One of the activists told The Atlantic that the GPS attack was motivated by a desire to stop a military weapon rather than a surveillance tool that would ultimately be used to track everyone on the planet.
On May 10, 1992, the ax-wielding Keith Kjoller and Peter Lumsdaine broke into the Rockwell International facility in Seal Beach, Calif.,where U.S. military satellites were being built. Lumsdaine managed to hit one satellite more than 60 times and cause an estimated $2 million in damage before being arrested.

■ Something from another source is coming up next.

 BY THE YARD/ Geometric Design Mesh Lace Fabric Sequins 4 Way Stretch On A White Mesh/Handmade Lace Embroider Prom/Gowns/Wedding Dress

The pair pleaded guilty and received reduced sentences of 18 months and two years, respectively.
The men, who called themselves the "The Harriet Tubman-Sarah Connor Brigade," after the leader of the Underground Railroad and the Terminator movie character, were targeting the Navigation Satellite Timing And Ranging (NAVSTAR) program, which was responsible for developing GPS. Even today, Lumsdaine regards GPS as a military tool, describing it as "military in its origins, military in its goals, military in its development and [is still] controlled by the military."
NAVSTAR was launched in 1973, and the first GPS-enabled satellites started going into orbit in 1980. However, the world only became aware of the term during the first Gulf War as it was widely used in the media.

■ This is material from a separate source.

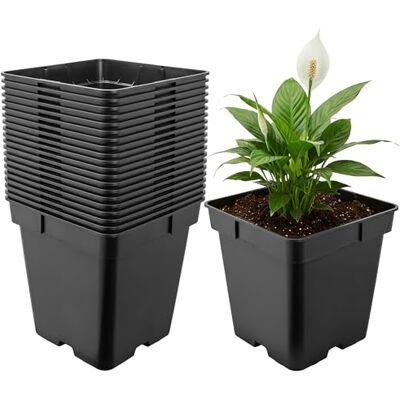Garronda Pot de Fleur Carré en Plastique 18 × H 18 cm (4L) Lot 20 Godets Semis Pots de Pépinière avec Drainage Résistants Intempéries pour Culture Plantes Jardin Serre Intérieur Extérieur GD-0199 Garronda Pot de Fleur Carré en Plastique 18 × H 18 cm (4L) Lot 20 Godets Semis Pots de Pépinière avec Drainage Résistants Intempéries pour Culture Plantes Jardin Serre Intérieur Extérieur GD-0199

Lumsdaine's ax strokes were an attempt to destroy something he saw as a weapon that caused civilian deaths.
"Most of the civilian casualties of Operation Desert Storm came after the war because the infrastructure was targeted; the water, the electric lines, the generating stations," he said. The activist admitted that using GPS as a surveillance tool wasn't really in their minds at the time.
Lumsdaine has spent a career researching robotic warfare while working for the National Mobilization for Survival, the Resource Center for Nonviolence and, surprisingly, even the U.S. Department of Energy. He sees the drone programs in the the Middle East as a continuation of NAVSTAR, but it's unlikely there will be another ax attack from Lumsdaine or anyone else anytime soon. Not only has modern security (aided by GPS satellites) made physical attacks more difficult, but in today's networked technology age, physically attacking a single node doesn't do much damage to the system.